JABAR EKSPRES – Heru Hanindyo salah satu hakim nonaktif Pengadilan Negeri (PN) Surabaya yang memberikan “vonis bebas” terhadap terpidana pembunuhan, Ronald Tannur minta untuk dibebaskan dari kasus dugaan suap atas pemberian vonis bebas kepada terpidana.
Ia membantah telah menerima uang sebesar Rp1 miliar dan 120 ribu dolar Singapura dari penasihat hukum Ronald Tannur, Lisa Rachmat, sesuai dakwaan penuntut umum.
“Jusrru dari fakta persidangan terungkap bahwa saya telah mengingatkan kepada Lisa pada intinya untuk jangan berikan apa pun kepada kami karena ini perkara nyawa dan biarkan kami memutus sesuai fakta persidangan,” ujar Heru saat membacakan pleidoi atau nota pembelaan dalam sidang di Pengadilan Tipikor Jakarta, Selasa (29/4).
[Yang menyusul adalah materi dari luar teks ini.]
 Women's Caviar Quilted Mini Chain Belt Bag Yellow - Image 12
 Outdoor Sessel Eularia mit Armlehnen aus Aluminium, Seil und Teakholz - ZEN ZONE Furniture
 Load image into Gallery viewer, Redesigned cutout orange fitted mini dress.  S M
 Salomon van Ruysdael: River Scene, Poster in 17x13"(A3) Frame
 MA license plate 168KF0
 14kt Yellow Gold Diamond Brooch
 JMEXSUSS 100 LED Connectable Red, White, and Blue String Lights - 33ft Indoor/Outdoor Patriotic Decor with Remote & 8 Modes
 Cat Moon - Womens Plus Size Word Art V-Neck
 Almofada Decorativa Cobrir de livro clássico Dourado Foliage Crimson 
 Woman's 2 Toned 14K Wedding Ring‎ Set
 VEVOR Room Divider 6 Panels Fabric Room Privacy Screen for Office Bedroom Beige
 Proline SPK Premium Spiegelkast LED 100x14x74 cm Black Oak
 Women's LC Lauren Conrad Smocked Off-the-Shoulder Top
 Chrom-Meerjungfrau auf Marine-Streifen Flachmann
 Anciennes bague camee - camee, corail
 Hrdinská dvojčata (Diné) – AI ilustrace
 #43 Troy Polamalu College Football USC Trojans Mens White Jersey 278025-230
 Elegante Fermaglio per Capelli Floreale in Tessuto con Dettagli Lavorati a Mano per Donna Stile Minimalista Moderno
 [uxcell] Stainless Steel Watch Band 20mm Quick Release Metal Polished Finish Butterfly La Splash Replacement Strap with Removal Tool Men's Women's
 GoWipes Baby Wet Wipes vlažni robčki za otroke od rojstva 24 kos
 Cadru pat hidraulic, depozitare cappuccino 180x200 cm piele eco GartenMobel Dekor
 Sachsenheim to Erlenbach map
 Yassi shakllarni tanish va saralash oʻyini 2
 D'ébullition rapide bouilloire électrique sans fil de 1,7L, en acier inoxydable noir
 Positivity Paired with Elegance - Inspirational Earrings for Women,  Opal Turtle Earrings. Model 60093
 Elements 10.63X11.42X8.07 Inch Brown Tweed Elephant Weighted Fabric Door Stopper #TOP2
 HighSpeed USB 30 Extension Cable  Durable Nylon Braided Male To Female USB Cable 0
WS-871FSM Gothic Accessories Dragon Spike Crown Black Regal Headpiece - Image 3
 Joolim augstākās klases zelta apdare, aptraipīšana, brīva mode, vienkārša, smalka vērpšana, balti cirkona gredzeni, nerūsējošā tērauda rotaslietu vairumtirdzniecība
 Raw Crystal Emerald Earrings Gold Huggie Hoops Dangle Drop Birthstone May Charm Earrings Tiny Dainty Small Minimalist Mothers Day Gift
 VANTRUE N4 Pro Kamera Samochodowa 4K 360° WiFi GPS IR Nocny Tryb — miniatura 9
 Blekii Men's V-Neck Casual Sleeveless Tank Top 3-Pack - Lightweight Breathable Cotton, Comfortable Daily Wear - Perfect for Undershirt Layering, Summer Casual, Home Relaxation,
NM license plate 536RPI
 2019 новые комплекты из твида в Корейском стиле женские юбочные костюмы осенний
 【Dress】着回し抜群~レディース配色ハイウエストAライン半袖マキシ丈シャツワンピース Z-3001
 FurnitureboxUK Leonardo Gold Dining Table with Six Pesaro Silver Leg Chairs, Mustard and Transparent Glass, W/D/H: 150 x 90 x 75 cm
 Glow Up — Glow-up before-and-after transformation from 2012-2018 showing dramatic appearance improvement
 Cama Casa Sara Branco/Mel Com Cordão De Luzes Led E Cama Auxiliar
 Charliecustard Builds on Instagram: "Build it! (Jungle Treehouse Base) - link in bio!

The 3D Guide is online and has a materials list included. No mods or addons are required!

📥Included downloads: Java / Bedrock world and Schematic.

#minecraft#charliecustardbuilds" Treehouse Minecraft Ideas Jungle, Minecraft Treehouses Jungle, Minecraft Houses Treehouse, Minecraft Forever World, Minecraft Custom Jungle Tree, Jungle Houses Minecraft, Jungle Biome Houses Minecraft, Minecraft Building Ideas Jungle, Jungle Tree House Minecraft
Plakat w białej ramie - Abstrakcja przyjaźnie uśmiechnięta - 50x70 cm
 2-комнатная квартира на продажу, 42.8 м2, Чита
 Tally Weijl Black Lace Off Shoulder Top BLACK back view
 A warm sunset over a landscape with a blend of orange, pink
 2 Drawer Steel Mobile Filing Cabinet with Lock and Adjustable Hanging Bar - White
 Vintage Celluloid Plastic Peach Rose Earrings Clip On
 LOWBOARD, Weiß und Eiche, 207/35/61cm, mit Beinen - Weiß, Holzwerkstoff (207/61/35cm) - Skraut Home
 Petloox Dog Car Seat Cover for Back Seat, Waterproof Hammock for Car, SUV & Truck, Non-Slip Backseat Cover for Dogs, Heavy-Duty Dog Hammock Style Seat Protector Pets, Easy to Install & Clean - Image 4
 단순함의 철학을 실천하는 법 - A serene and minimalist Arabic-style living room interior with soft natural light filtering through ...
BACA JUGA: Kejagung Limpahkan Tersangka Rudi Suparmono ke Kejari Jakpus Terkait Kasus Pidana Suap Ronald Tannur
Ia juga merasa bahwa nama dirinya dijual di persidangan oleh terdakwa lainnya, yang juga merupakan hakim yang menangani kasus Ronald Tannur, yakni Erintuah Damanik.
Heru menjelaskan, penjualan nama yang dimaksud itu adalah perihal penunjukan hakim ketua perkara Ronald Tannur yang disebut berdasarkan usulan dirinya dan terdakwa Mangapul.
“Sejatinya hal tersebut tidak pernah terjadi,” tuturnya.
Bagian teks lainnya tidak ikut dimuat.